Beh diciamo che a quel tipo di vaticini c’è abituato...
«Ci sono abituato, è vero. Vorrei comunicare a quegli stessi commentatori che ad oggi la città di Bari è governata dal centrosinistra e dall’Udc. Stessa cosa accade a Foggia. Idem Brindisi. A Taranto ci sarà una amministrazione centrosinistra e Udc. La Provincia di Taranto propone il medesimo schema politico, e così pure quella di Brindisi. Mi esprimo blandamente: quello che era stato scritto non era vero. Non era finito nulla, anzi cominciava una stagione politica importante. Questo fatto che non si possa collaborare non corrisponde alla realtà dei fatti».

Brutalmente, presidente: non crede che si tratti di una dimensione vecchia, con poco appeal per gli elettori che alla politica tradizionale e ai partiti che la incarnano voltano le spalle?
«Dopo questo voto amministrativo, bisogna che tutti si pongano il problema del governo del Paese. Se procediamo verso una confusa disgregazione, ingaggiando un distruttivo gioco di veti, ci ritroveremo con un sistema politico in frantumi. Che non potrà che avere - e non come fuoriuscita di emergenza bensì come soluzione obbligata - un governo di tipo tecnico. Bisogna costruire una prospettiva e io, allo stato, non vedo alcun progetto politico minimamente credibile che prescinda da una collaborazione tra le forze eredi delle grandi tradizioni democratiche del Paese, che non può che avere nel Pd il suo cardine. Non c’è nessun altra ipotesi in campo. Dunque avviamo una riflessione sul modo di costruire questa prospettiva».

In verità ci sono anche altri progetti. Per esempio quello di Berlusconi per riunificare i moderati. Oppure quello di Casini del partito della Nazione. Tutti destinati a fallire?
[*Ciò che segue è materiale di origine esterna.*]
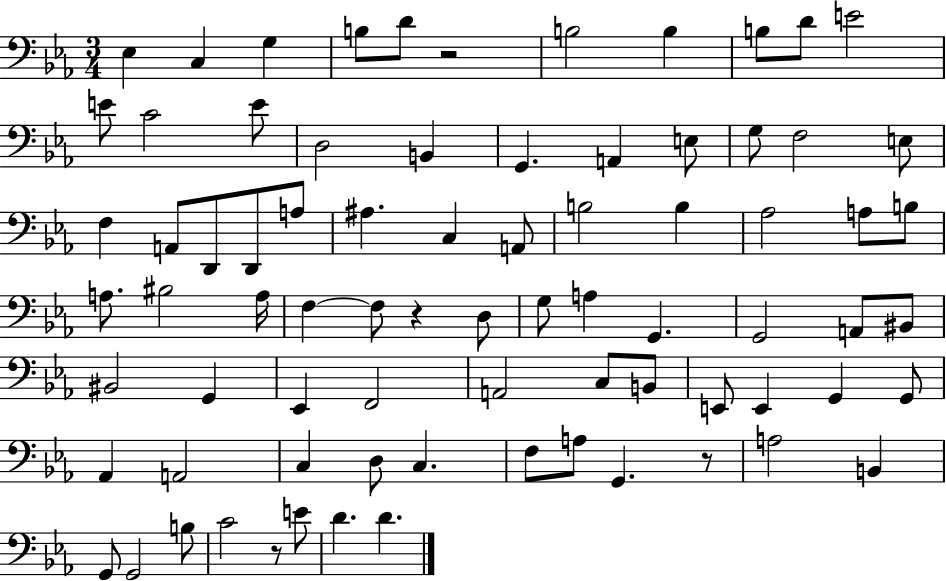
{
  \clef bass
  \numericTimeSignature
  \time 3/4
  \key ees \major
  ees4 c4 g4 | b8 d'8 r2 | b2 b4 | b8 d'8 e'2 | \break e'8 c'2 e'8 | d2 b,4 | g,4. a,4 e8 | g8 f2 e8 | \break f4 a,8 d,8 d,8 a8 | ais4. c4 a,8 | b2 b4 | aes2 a8 b8 | \break a8. bis2 a16 | f4~~ f8 r4 d8 | g8 a4 g,4. | g,2 a,8 bis,8 | \break bis,2 g,4 | ees,4 f,2 | a,2 c8 b,8 | e,8 e,4 g,4 g,8 | \break aes,4 a,2 | c4 d8 c4. | f8 a8 g,4. r8 | a2 b,4 | \break g,8 g,2 b8 | c'2 r8 e'8 | d'4. d'4. | \bar "|."
}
«Sulla base delle attuali macerie, per usare il termine utilizzato da Casini, l’idea che il Pdl crei il grande partito dei moderati annettendo l’Udc mi pare velleitaria. Casomai ci può essere l’ambizione opposta. Che pure si rivelerebbe sbagliata. In Italia come in Europa la destra c’è, esiste, non la si cancella. Né la si assorbe in una prospettiva centrista. Se Casini pensa di potere inglobare la destra in un disegno del genere a mio avviso fa un calcolo sbagliato. E si condanna a rimanere in una posizione incerta. Invece dovrebbe scegliere e aprire un confronto con il Pd, ponendo le sue legittime condizioni. Non i veti: le condizioni sul piano politico-programmatico».